Thierse sprach zudem mehrere Missverständnisse im Verhältnis zwischen Deutschland und Polen an. Zum einen dürfe man in Polen nicht dem Irrtum unterliegen, zu glauben, Vereine wie die "Preußische Treuhand", die für die Rückgängigmachung von Enteignungen in der sowjetischen Besatzungszone nach 1945 kämpften, würden in der deutschen Politik und Öffentlichkeit über Rückhalt verfügen. Zum anderen habe auch das in den vergangenen Jahren gewachsene Interesse am Schicksal der aus Schlesien oder Pommern Vertriebenen weder "mit Gebietsansprüchen noch mit dem Wunsch etwas zu tun, die Schuld von Deutschen gegenüber Polen durch Aufrechnung zu vermindern".
Heute, da das Verhältnis zu Polen als geklärt gesehen werde, könne vielmehr "die schweigende Mehrheit der damals vertriebenen Deutschen ihre Erinnerungen pflegen, ohne dass sie fürchten müssten, Wasser auf die Mühlen von Demagogen zu leiten". Zudem glaube er, so Thierse, fest an das Gelingen der deutsch-polnischen Freundschaft.
Ohnehin hatte der Bundestagspräsident bei dem Besuch seiner Geburtsstadt nicht allein mahnende Worte im Gepäck: Thierse überreichte der Breslauer Universitätsbibliothek ausgewählte historische Ausgaben gebundener Zeitungen. Sie sind Bestandteil eines Geschenks des Bundestags, das in mehr als 4.200 Bänden zahlreiche westeuropäische und US-Zeitungen von 1900 bis 2002 enthält.

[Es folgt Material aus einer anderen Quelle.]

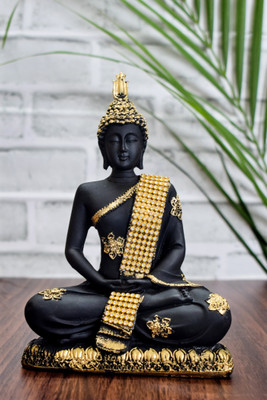 Shilp Saga Lord Ganesha Idol on Decorative Handcrafted Plate for Home and Car Decorative Decorative Showpiece  -  20 cm(Polyresin, Black, Gold)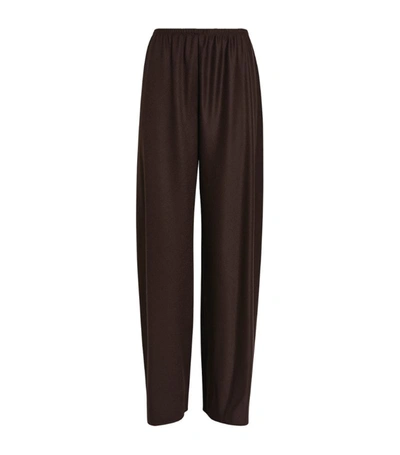 Gala Wool And Mohair-blend Wide-leg Pants In Brown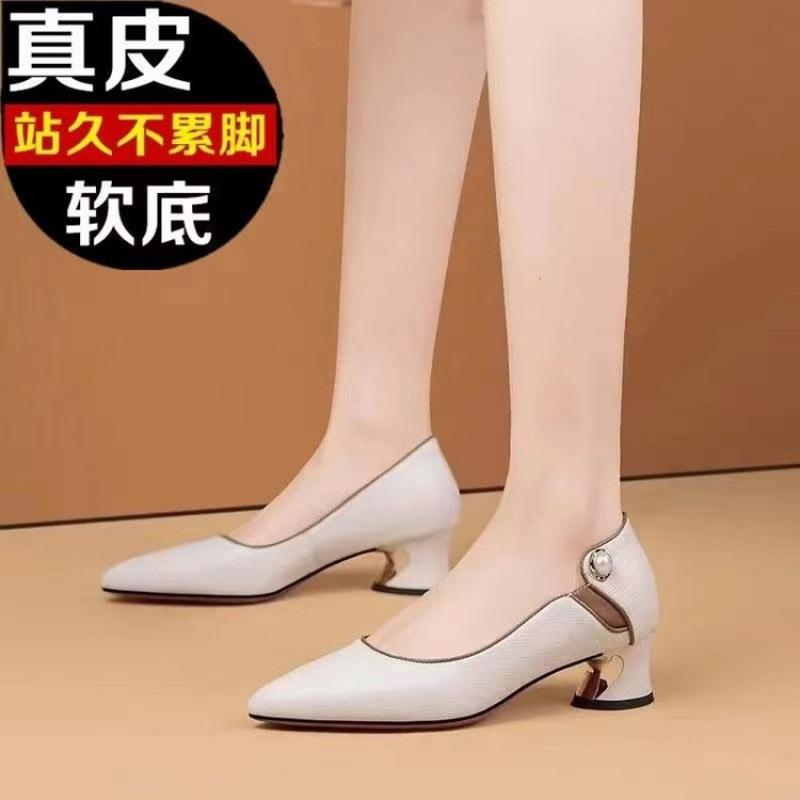 Pantofi noi la modă versatili din piele moale pentru femei pantofi de lucru cu toc jos piele gură deschisă toc gros pantofi simpli vară femei vârf ascuțit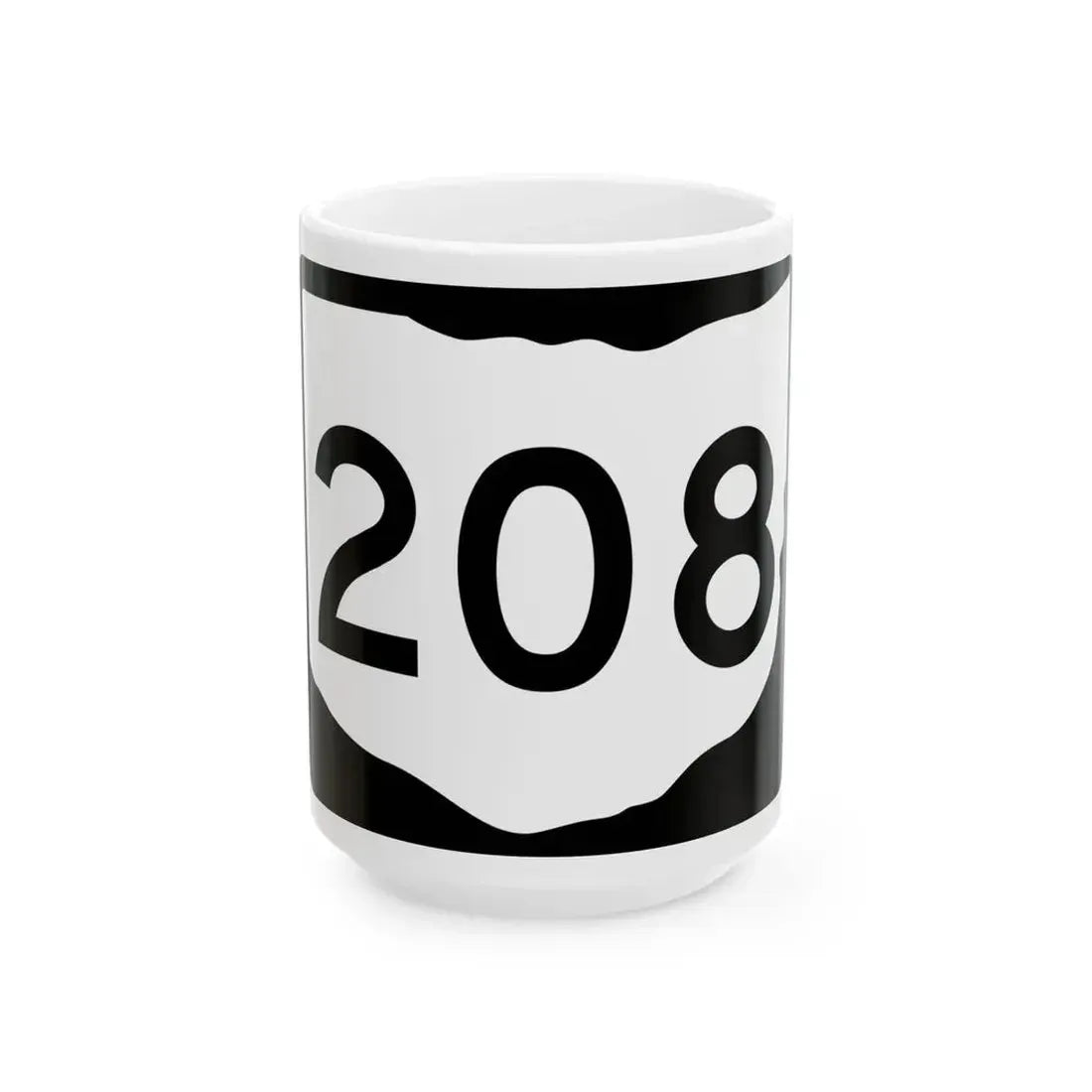 OH-208 (Ohio) (Road Sign) White Coffee Mug 15oz - Go Mug Yourself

Und auch in Berlin wird das deutsch-polnische Verhältnis einmal mehr thematisiert. Eine Ausstellung, die am vergangenen Donnerstag in der Gedenkstätte Deutscher Widerstand vom polnischen Botschafter Andrzej Byrt eröffnet wurde, widmet sich dem wohl dunkelsten Kapitel in den Beziehungen beider Staaten. Unter dem Titel "Größte Härte ..." werden die Verbrechen der Wehrmacht in Polen dokumentiert. Im Mittelpunkt stehen die ersten beiden Monate des Zweiten Weltkrieges, in denen Polen unter deutscher Militärverwaltung stand. An den Erschießungen von Zivilisten und Kriegsgefangenen und den Luftangriffen auf Städte, in denen kein Militär stationiert war, waren neben Polizei und SS-Einheiten auch die Wehrmacht beteiligt. Die Ausstellung ist eine Gemeinschaftsarbeit von deutschen und polnischen Historikern des Deutschen Historischen Instituts in Warschau und des polnischen Instituts des nationalen Gedenkens. Sie ist bis zum 30. Juli in der Stauffenbergstraße zu sehen.